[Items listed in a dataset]
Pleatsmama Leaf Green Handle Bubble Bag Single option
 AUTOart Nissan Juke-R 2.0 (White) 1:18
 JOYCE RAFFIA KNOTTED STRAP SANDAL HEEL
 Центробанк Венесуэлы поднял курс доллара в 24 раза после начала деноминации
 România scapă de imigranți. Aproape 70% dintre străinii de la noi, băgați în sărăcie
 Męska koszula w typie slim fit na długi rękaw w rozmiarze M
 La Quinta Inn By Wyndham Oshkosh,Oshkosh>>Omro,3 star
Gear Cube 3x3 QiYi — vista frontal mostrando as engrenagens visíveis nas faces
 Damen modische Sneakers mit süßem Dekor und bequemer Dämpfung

**Work instruction**
Your task for the entries above: copy exactly the span starting with the line with "AUTOart Nissan Juke-R 2.0 (White) 1:18" and going on through the line with "Gear Cube 3x3", both lines included, and nothing else.

**Task answer**
 AUTOart Nissan Juke-R 2.0 (White) 1:18
 JOYCE RAFFIA KNOTTED STRAP SANDAL HEEL
 Центробанк Венесуэлы поднял курс доллара в 24 раза после начала деноминации
 România scapă de imigranți. Aproape 70% dintre străinii de la noi, băgați în sărăcie
 Męska koszula w typie slim fit na długi rękaw w rozmiarze M
 La Quinta Inn By Wyndham Oshkosh,Oshkosh>>Omro,3 star
Gear Cube 3x3 QiYi — vista frontal mostrando as engrenagens visíveis nas faces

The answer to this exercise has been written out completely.